Data for review>
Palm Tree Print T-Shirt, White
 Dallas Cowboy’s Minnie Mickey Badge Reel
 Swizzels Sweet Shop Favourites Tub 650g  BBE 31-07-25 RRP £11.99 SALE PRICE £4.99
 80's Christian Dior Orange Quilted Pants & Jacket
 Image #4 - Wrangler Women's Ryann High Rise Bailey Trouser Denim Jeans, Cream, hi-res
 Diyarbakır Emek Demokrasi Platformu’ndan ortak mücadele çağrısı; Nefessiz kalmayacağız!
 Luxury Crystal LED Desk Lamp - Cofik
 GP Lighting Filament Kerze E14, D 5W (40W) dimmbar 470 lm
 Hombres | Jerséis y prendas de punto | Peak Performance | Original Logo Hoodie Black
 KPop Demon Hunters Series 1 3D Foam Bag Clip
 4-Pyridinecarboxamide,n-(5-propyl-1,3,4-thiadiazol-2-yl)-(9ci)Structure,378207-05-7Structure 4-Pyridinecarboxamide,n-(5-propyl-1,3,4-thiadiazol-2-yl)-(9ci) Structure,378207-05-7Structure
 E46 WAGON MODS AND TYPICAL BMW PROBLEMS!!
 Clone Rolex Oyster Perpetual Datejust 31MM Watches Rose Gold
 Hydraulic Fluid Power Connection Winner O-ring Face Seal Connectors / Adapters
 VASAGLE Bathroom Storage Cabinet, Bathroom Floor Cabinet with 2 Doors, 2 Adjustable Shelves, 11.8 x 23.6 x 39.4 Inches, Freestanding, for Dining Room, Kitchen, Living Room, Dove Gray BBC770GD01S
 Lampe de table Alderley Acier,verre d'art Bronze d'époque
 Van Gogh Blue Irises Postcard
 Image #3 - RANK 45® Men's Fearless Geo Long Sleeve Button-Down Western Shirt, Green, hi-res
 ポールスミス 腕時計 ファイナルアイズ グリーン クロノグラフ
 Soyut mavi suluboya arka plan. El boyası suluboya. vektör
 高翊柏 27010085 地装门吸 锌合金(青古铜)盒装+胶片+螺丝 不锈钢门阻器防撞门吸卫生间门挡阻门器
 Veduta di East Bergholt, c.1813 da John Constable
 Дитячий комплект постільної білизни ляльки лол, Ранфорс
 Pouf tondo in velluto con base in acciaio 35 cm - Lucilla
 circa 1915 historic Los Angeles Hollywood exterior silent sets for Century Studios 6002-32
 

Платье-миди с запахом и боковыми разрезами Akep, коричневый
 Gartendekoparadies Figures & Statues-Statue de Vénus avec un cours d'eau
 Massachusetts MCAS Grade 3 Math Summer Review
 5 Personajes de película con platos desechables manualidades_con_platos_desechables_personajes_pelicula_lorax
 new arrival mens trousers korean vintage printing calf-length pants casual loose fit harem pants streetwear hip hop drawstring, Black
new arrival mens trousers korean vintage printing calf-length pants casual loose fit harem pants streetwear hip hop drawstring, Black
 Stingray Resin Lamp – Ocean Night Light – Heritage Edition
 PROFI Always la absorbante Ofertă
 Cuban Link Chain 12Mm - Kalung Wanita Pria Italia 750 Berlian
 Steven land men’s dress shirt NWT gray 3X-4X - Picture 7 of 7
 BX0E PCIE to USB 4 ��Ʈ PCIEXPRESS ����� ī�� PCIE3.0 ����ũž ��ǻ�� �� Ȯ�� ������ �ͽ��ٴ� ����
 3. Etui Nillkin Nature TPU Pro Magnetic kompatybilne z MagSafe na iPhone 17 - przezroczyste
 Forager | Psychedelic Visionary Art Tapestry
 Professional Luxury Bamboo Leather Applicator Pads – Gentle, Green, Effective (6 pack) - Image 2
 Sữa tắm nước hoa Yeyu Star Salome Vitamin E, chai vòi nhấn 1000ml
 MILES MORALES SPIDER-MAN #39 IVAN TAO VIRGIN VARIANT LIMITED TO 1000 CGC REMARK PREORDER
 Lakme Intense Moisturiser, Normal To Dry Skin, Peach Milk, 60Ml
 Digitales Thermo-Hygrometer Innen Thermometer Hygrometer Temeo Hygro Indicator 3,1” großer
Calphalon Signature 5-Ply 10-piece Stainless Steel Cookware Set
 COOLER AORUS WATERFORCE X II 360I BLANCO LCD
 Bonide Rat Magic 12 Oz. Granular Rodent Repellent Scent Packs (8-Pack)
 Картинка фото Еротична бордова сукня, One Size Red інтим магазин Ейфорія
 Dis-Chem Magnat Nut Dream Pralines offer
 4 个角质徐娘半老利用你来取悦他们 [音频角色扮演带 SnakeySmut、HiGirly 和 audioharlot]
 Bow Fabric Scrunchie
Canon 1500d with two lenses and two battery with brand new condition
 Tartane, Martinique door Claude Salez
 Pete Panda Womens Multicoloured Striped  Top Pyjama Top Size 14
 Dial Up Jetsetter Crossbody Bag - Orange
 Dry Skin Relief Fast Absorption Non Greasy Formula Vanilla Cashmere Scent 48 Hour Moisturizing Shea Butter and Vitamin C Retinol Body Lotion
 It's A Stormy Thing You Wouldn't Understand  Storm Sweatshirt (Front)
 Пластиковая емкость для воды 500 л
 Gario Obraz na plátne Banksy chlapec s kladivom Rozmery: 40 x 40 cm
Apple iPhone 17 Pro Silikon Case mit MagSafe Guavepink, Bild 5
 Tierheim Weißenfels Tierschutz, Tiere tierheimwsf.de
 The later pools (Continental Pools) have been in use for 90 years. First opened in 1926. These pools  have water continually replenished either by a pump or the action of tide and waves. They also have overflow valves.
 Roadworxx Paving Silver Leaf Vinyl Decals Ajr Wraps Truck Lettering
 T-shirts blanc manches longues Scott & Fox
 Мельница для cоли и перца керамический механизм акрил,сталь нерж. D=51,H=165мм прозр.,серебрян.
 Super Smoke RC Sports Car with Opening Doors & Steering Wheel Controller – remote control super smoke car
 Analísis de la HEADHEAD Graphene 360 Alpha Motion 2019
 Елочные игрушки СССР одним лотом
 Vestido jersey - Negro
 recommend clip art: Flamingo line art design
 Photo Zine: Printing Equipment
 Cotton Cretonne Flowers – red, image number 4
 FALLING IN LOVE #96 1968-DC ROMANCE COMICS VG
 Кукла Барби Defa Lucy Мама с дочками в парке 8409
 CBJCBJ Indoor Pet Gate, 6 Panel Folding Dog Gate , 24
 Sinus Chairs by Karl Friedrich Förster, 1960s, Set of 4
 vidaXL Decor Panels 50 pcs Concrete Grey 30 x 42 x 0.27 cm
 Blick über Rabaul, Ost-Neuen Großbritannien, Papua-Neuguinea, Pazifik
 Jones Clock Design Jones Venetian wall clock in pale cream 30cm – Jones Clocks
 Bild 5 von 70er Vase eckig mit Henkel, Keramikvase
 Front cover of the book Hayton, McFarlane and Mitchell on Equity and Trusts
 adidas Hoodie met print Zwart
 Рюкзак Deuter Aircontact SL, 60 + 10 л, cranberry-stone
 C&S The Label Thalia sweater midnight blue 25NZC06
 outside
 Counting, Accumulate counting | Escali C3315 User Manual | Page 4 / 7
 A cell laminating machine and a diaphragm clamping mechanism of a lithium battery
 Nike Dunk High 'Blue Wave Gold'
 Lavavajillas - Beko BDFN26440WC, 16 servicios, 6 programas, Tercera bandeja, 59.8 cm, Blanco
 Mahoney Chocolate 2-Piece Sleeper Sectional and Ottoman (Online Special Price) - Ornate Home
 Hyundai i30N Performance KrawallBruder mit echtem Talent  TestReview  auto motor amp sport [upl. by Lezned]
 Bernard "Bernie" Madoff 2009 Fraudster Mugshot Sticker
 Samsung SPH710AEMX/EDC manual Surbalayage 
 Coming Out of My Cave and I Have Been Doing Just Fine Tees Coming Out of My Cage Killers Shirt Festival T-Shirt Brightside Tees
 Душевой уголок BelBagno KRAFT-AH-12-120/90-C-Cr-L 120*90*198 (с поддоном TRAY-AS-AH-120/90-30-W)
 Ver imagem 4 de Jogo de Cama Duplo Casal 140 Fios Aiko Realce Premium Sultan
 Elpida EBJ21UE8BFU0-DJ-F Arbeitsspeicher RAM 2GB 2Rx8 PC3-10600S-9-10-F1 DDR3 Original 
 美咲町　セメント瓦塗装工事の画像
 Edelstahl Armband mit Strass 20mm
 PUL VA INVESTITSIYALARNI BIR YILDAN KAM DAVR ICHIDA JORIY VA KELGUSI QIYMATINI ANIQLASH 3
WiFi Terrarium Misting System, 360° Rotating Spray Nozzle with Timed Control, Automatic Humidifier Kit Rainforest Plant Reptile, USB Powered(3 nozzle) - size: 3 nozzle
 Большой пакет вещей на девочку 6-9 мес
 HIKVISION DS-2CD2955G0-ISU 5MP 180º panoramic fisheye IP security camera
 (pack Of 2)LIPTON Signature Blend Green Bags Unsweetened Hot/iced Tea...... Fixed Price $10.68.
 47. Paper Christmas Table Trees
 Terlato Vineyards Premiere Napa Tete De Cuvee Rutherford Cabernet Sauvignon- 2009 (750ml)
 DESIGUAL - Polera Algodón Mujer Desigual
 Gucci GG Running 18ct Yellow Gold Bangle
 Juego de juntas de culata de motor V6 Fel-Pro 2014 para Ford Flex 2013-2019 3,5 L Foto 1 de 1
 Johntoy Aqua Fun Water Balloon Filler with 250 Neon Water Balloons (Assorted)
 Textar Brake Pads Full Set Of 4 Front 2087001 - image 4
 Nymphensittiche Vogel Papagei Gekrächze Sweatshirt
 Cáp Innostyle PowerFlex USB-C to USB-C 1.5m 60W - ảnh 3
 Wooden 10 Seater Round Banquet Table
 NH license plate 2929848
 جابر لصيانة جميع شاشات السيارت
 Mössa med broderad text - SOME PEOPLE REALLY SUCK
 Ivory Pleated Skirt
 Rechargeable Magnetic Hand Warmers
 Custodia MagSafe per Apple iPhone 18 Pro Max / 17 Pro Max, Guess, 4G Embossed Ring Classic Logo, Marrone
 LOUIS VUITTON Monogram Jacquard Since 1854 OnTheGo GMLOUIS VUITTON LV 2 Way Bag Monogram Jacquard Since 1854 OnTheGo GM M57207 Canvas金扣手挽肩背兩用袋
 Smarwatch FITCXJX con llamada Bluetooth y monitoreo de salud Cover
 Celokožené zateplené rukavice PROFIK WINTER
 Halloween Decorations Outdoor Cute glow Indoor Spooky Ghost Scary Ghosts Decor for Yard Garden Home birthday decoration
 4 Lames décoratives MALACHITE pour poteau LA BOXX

What you have to do> Only one stretch of the records above is wanted: the lines between the one holding "Super Smoke RC" and the one holding "vidaXL Decor Panels", inclusive, reproduced exactly.

Worked solution>
 Super Smoke RC Sports Car with Opening Doors & Steering Wheel Controller – remote control super smoke car
 Analísis de la HEADHEAD Graphene 360 Alpha Motion 2019
 Елочные игрушки СССР одним лотом
 Vestido jersey - Negro
 recommend clip art: Flamingo line art design
 Photo Zine: Printing Equipment
 Cotton Cretonne Flowers – red, image number 4
 FALLING IN LOVE #96 1968-DC ROMANCE COMICS VG
 Кукла Барби Defa Lucy Мама с дочками в парке 8409
 CBJCBJ Indoor Pet Gate, 6 Panel Folding Dog Gate , 24
 Sinus Chairs by Karl Friedrich Förster, 1960s, Set of 4
 vidaXL Decor Panels 50 pcs Concrete Grey 30 x 42 x 0.27 cm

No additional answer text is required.